On physical risks, the report notes that recent decisions by insurers to withdraw homeowners coverage in California, Louisiana, and Florida “portend the unfortunate reality that more and more borrowers will be faced with renewal concerns or difficulty obtaining affordable initial insurance policies when they buy a home. As coverage becomes inaccessible or prohibitively expensive in a given location, home values may decline there, and fewer loans in the area may be originated…”
On transition risks, the report notes that “the U.S. economy is evolving structurally amid…the transition to less fossil fuel use” and that “the impacts of transition risk may result in added costs for some firms and communities, even as they potentially reduce the overall risk associated with unmitigated climate change.” The Council recommends continued state and federal agency coordination on identifying and assessing climate-related financial risk indicators for banking, insurance, and financial markets to identify financial system vulnerabilities.
Background:
A 2021 Presidential Executive Order directed the Financial Stability Oversight Council (FSOC) to address growing systemic climate-related financial risk, part of what the administration dubs a whole-of-government approach to climate change. While the FSOC has made some progress, the U.S. financial sector lags other jurisdictions, with climate-related impacts and systemic risks to financial stability far outpacing FSOC and its member agencies’ responses. The climate crisis is outpacing FSOC’s and regulators’ response to the growing risks.
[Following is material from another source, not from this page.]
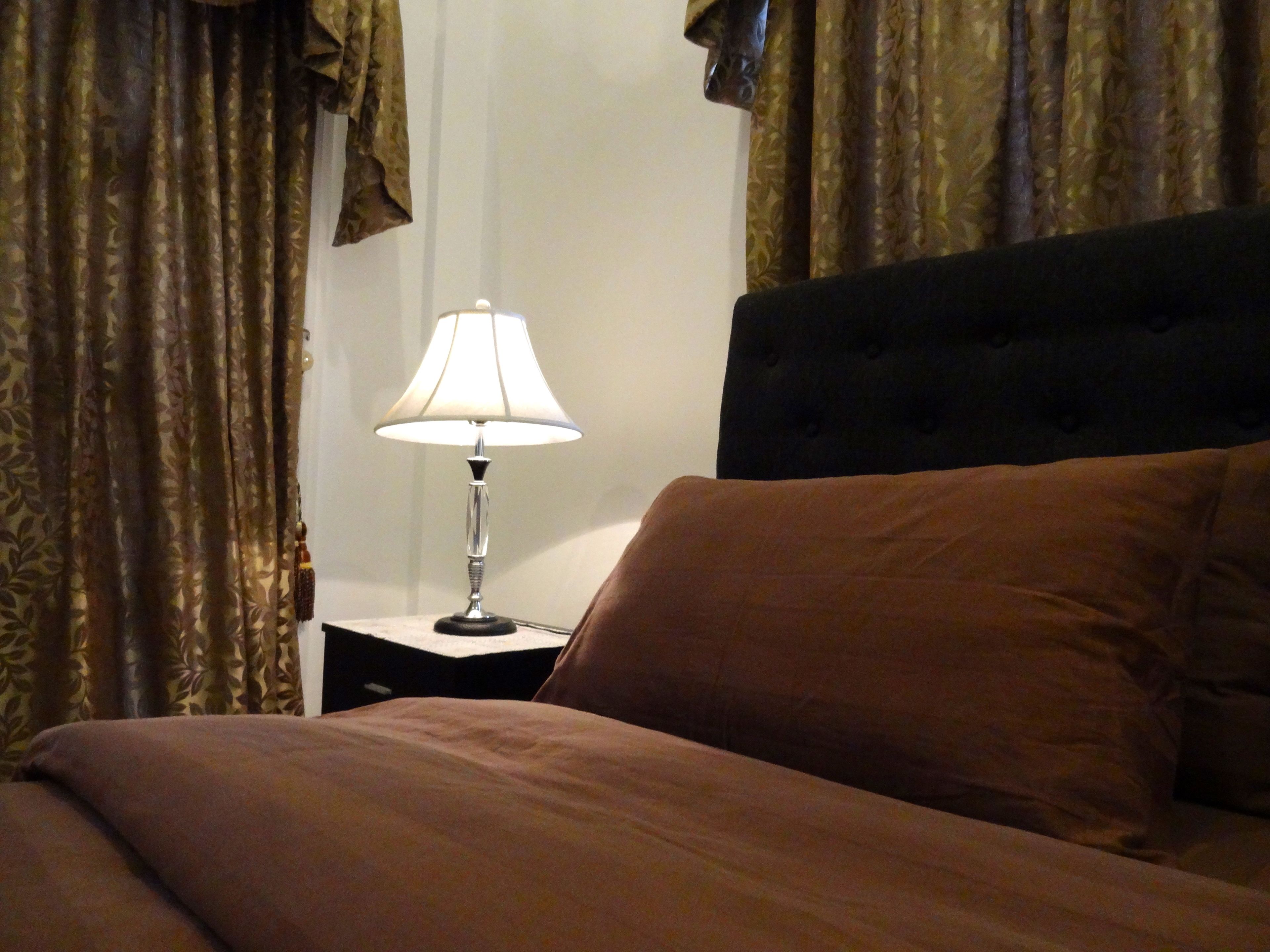A neatly made bed with a brown comforter and pillows, a bedside lamp on a nightstand, and curtains with a leaf pattern.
Issue experts and advocacy groups argue financial regulators must require publicly-available transition and net-zero plans with measurable metrics and targets that don’t rely on unproven technologies or offsets. Regulators must also address the disproportionate impacts of climate change to BIPOC and vulnerable communities, and designate non-bank financial companies – particularly major insurers, private equity firms, and asset managers – for enhanced federal supervision, among other urgent regulatory actions needed to mitigate climate-related financial risk.